*Recorded data*.
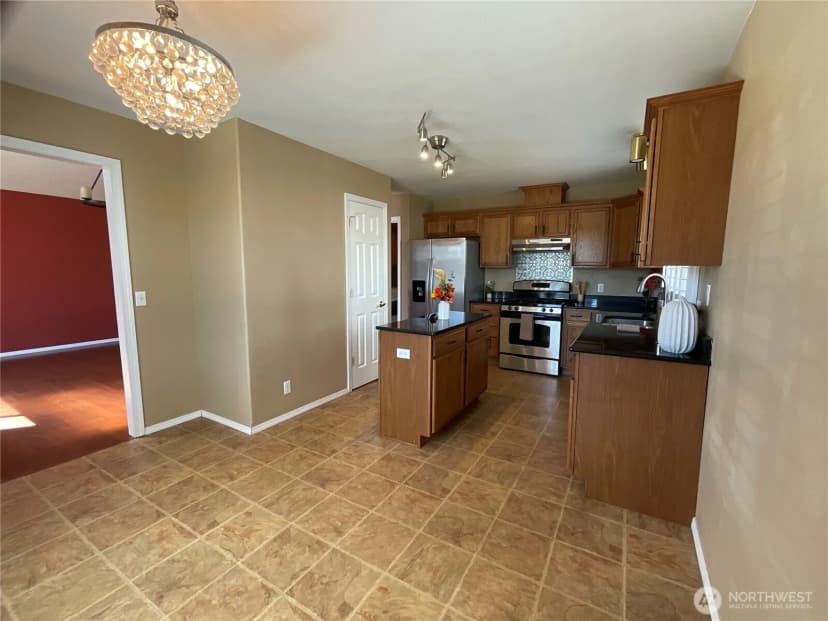 Property photo for 1382 Nw Kathleen Drive, Oak Harbor photo 9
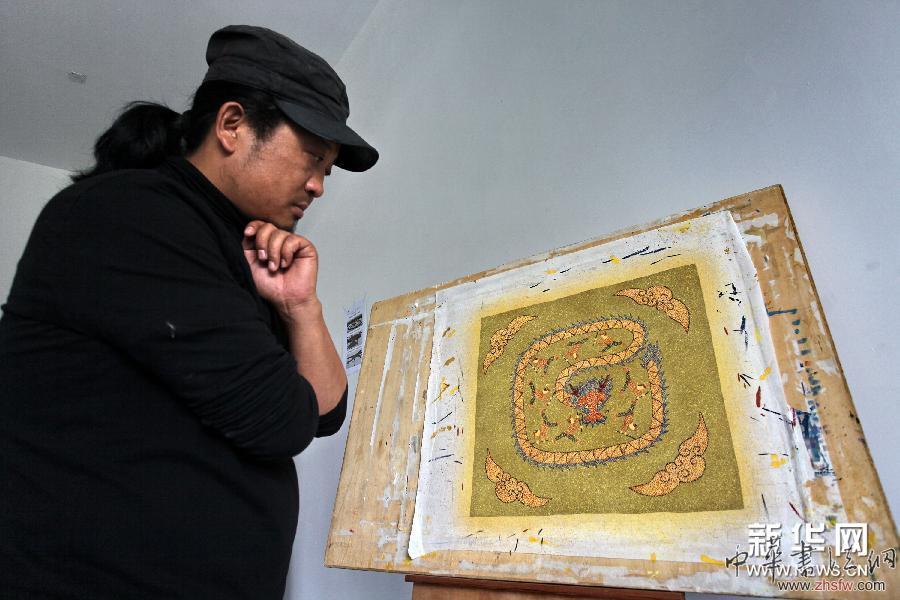 #（文化）（4）大地农民画《巨龙舞梦》轮廓初显
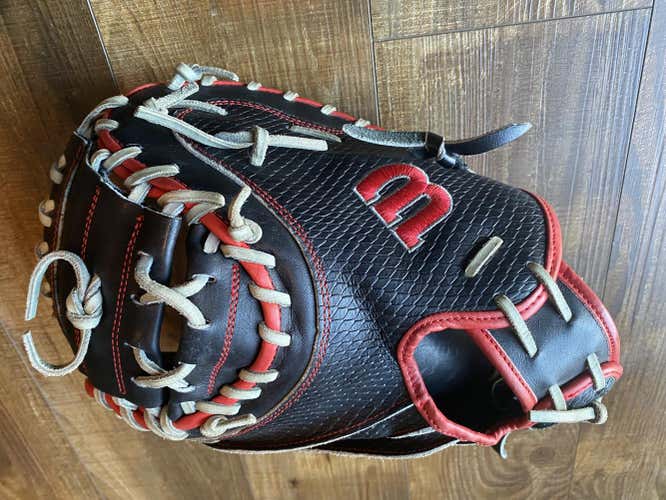 Black Used Adult Wilson Right Hand Throw Catcher's A2000 Baseball Glove 34"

*What the task asks*. All lines from the one that contains "#（文化）（4）大地农民画《巨龙舞梦》轮廓初显" through the last line of the data should be retyped exactly, with the pictures left out.

*The answer*.
 #（文化）（4）大地农民画《巨龙舞梦》轮廓初显
 Black Used Adult Wilson Right Hand Throw Catcher's A2000 Baseball Glove 34"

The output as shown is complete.